Derain is well-known for his central role in the early development of Fauvism in the years 1904-06, but the paintings of 1904-05 have been subject to less scrutiny by scholars and critics than those of 1906-08. Although the present work is among the best of Derain’s proto-Fauve works, it has escaped attention because it hung discreetly in an American private collection for most of the 20th century. Paysage aux environs de Chatou belongs to a series of landscapes that Derain executed in the winter of 1904-05. These precocious works launched his professional career and contributed to the creation of the School of Chatou. Interestingly, Matisse introduced Derain to Vollard in February 1905, and the dealer subsequently bought out Derain’s studio, including his paintings of Chatou.
At the turn of the century, Chatou was a small suburban town on the banks of Seine just north of Paris. It was popular with the Impressionists, and Renoir had painted some of his best work there. As it happens, Derain and another of the great Fauve painters, Maurice de Vlaminck, grew up in Chatou, where they shared an atelier in the beginning of the 1900s. During the winter months of 1904-05, Derain and Vlaminck painted in the area surrounding the town, still a relatively rural and picturesque area that had been spared the widespread industrialization and growth that had begun to affect the appearance of many towns in the Seine valley to the north and west of Paris. Vlaminck later recalled, “A major part of my young adult years were spent along the Seine. My first attempts and scribbles date from Chatou. It was through them that I tried to render the emotion felt when looking at the river flow through the landscape of the Parisian suburbs” (quoted in Vlaminck: il pittore et la critica, Milan, 1988, p. 142). He also described the earliest days of the Fauve moment in 1904 when he and Derain often worked side-by-side in Chatou: “Each of us set up his easel, Derain facing Chatou, with the bridge and steeple in front of him, myself to one side, attracted by the poplars. Naturally I finished first. I walked over to Derain holding my canvas against my legs so that he couldn’t see it. I looked at his picture. Solid, skillful, powerful, already a Derain. ‘What about yours?’ he said. I spun my canvas around. Derain looked at it in silence for a minute, nodded his head, and declared, ‘Very fine.’ That was the starting point of all Fauvism” (as quoted in Judi Freeman, The Fauve Landscape (exhibition catalogue), Los Angeles County Museum of Art, 1990, p. 15).

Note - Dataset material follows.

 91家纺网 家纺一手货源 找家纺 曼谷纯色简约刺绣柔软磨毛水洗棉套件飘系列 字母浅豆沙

Derain and Vlaminck shared and exchanged ideas and pursued a similar stylistic course, and there was an important element of cross-pollination as both began to develop rapidly (see fig. 2). Vlaminck used larger, wider brushstrokes and produced images that are more spontaneous and less controlled than those of Derain, but the absence of shadow reflects Derain’s influence. Derain underscored this point in a letter of 1905 to Vlaminck from Collioure where Derain was working alongside Matisse: “A new conception of light consisting in this: the negation of shadows. Light, here, is very strong, shadows very bright. Every shadow is a whole world of clarity and luminosity which contrasts with sunlight: what are known as reflections” (as quoted in Judi Freeman, The Fauve Landscape, exhibition catalogue, Los Angeles County Museum of Art, 1990, p. 15).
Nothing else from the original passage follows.